Il passaggio dalla deflazione all’inflazione, seppur modesta, fa ben sperare le aziende giapponesi. Le valutazioni di lungo termine non rispecchiano ancora il potenziale del mercato azionario.
June-Yon-Kin ritiene che i titoli azionari giapponesi siano da tempo una delle opportunità più interessanti da cogliere sul mercato e tale convincimento si è rafforzato nell’ultimo anno. Le motivazioni che sottendono questa considerazione possono essere riassunte in quattro punti.
- Le valutazioni sono attrattive rispetto a quelle di altri mercati sviluppati, nonostante il corso rialzista degli ultimi 12 mesi. Esse sono anche le più convenienti in base al rapporto prezzo-utile (Cape) corretto per il ciclo.
- La politica monetaria espansiva della Banca del Giappone (BoJ), mentre molte altre istituzioni centrali dei mercati sviluppati adottavano misure opposte, ha portato a un indebolimento dello yen. In base al tasso di cambio effettivo reale, la valuta è la più conveniente da cinquant’anni a questa parte. Ciò fa sì che la competitività globale del Giappone sia la più forte degli ultimi decenni.
- Le riforme strutturali introdotte dal primo ministro Shinzo Abe, nel 2012, anche se inizialmente deludenti per i mercati, hanno stabilito il quadro di riferimento per una governance aziendale più forte. A gennaio, la Borsa di Tokyo (Tse) ha iniziato una campagna volta a rendere le società giapponesi più attraenti per gli investitori. Tra i nuovi requisiti, le aziende che scambiano costantemente al di sotto del valore contabile devono presentare un piano di miglioramento per “adeguarsi o spiegare”. Si tratta di un passo significativo perché quasi la metà delle 1.832 società quotate nel Prime Market (la divisione del mercato con i più alti standard di quotazione) ha un rendimento del capitale proprio inferiore all’8%, un rapporto prezzo/valore contabile inferiore a 1,0 al 31 marzo 2023, o entrambi.

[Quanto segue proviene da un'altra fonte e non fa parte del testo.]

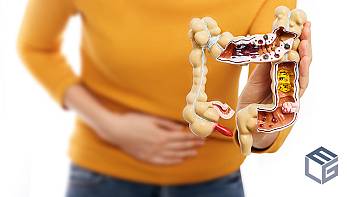 Ulcerative colitis:  A VA-recognized Disability
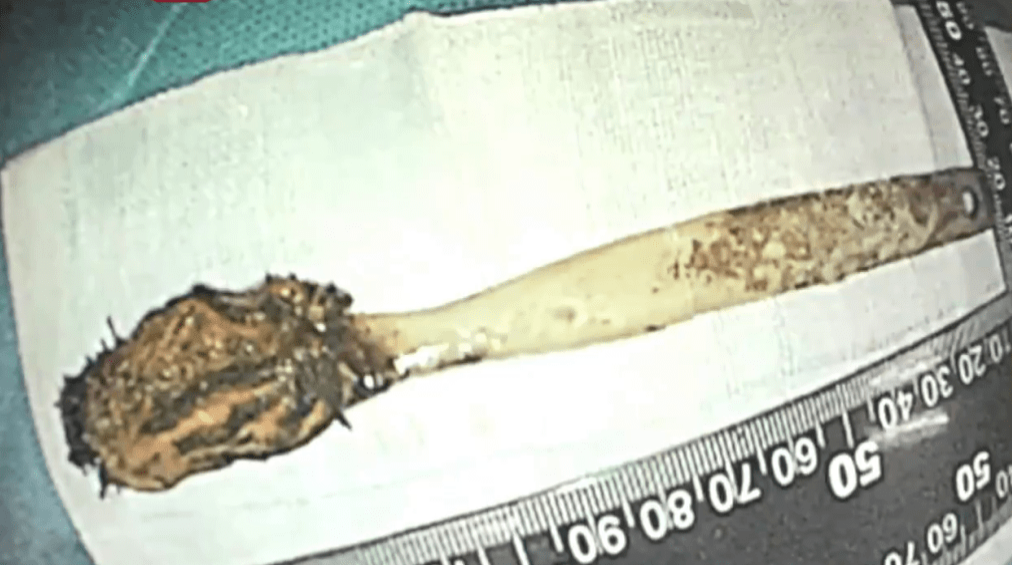 医生取出藏肠52年的“古董牙刷”。 医生取出藏肠52年的“古董牙刷”。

Il Tse ha inoltre esortato le società quotate a intraprendere azioni volte a rafforzare valore aziendale a lungo termine, ad esempio promuovendo una “gestione attenta al costo del capitale”. Lazard Am, sulla base degli incontri con le aziende giapponesi, ha rilevato un cambiamento nel comportamento del management, tanto da pensare che il Tse possa essere sulla strada giusta per raggiungere il suo obiettivo di aumentare il coinvolgimento degli investitori.

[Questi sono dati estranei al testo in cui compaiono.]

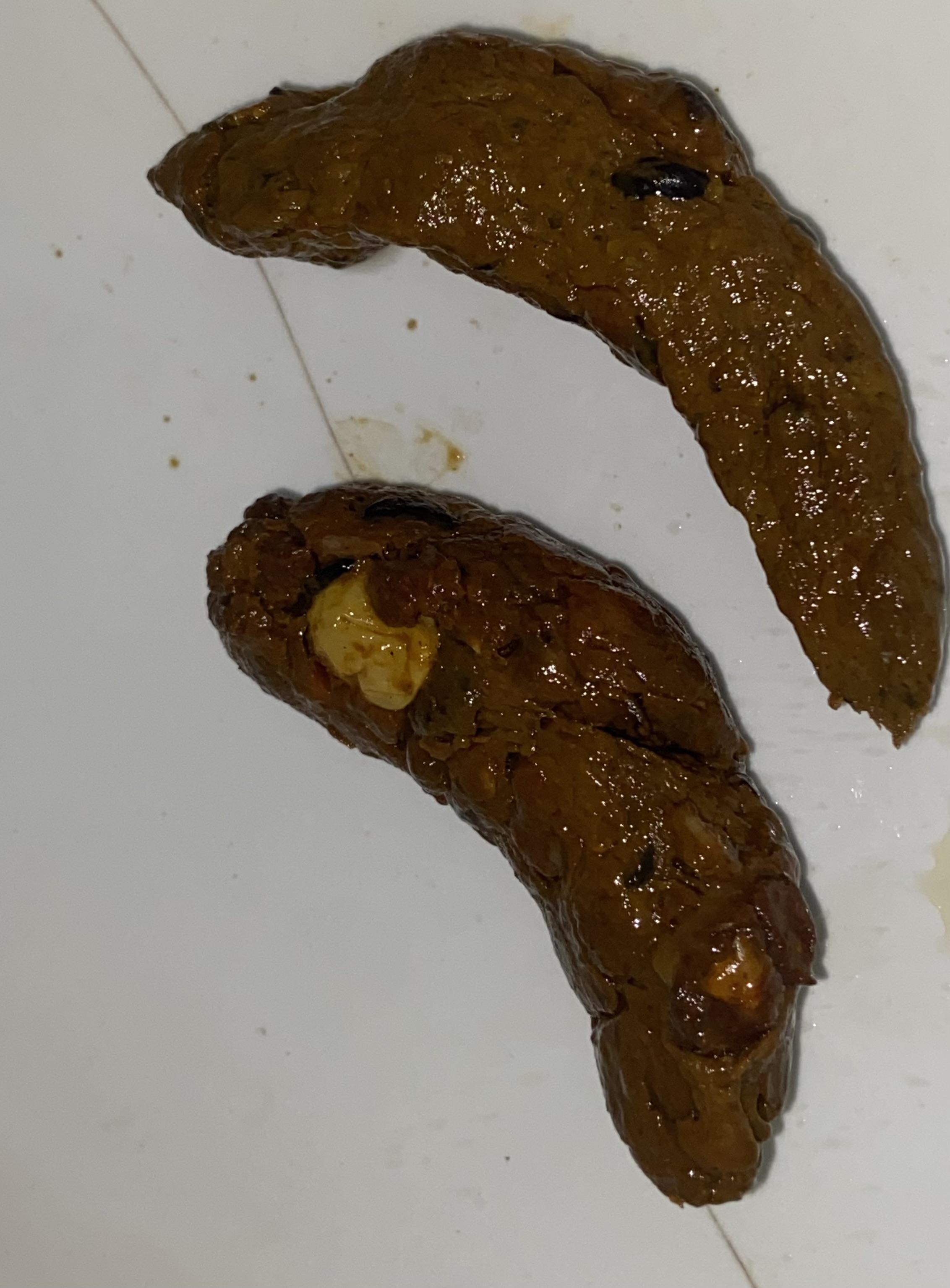 Strange things in my stool for a while, What causes this? And how to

- Dopo decenni di deflazione, l’inflazione è finalmente tornata a manifestarsi in Giappone e ciò dovrebbe migliorare le valutazioni, come è successo negli Stati Uniti negli anni ’90. Inoltre, con l’aumento delle aspettative di inflazione, è probabile che i consumatori giapponesi si sentano a proprio agio nello spendere di più, alimentando potenzialmente la crescita economica. Anche la politica sui prezzi delle aziende dovrebbe cambiare, con aumenti non di natura temporanea. È probabile che le pressioni inflazionistiche abbiano altri effetti di vasta portata. La scorsa primavera, la negoziazione annuale sul lavoro nota come shunto ha portato a un aumento dei salari di base del 2,1% per il nuovo anno fiscale, quasi il doppio delle aspettative e l’aumento più alto anno dal 1992. Cioè importante perché i funzionari della BoJ hanno dichiarato di prestare particolare attenzione alla crescita salariale nel considerare la normalizzazione della politica monetaria.

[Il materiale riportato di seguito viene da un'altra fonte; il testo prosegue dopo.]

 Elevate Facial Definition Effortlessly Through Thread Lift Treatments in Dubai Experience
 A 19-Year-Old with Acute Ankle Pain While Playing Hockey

Infine, all’inizio di quest’anno, il governo ha finalizzato delle modifiche per rafforzare il sistema del Nippon Individual Savings Account (Nisa), un programma lanciato nel 2014 nell’ambito dell’Abenomics che utilizza incentivi fiscali per incoraggiare i risparmiatori a investire in attività di rischio. Triplicando gli importi di investimento consentiti e rendendo illimitato il periodo di esenzione fiscale, si potrebbe influenzare il modo in cui le famiglie giapponesi gestiscono i loro bilanci.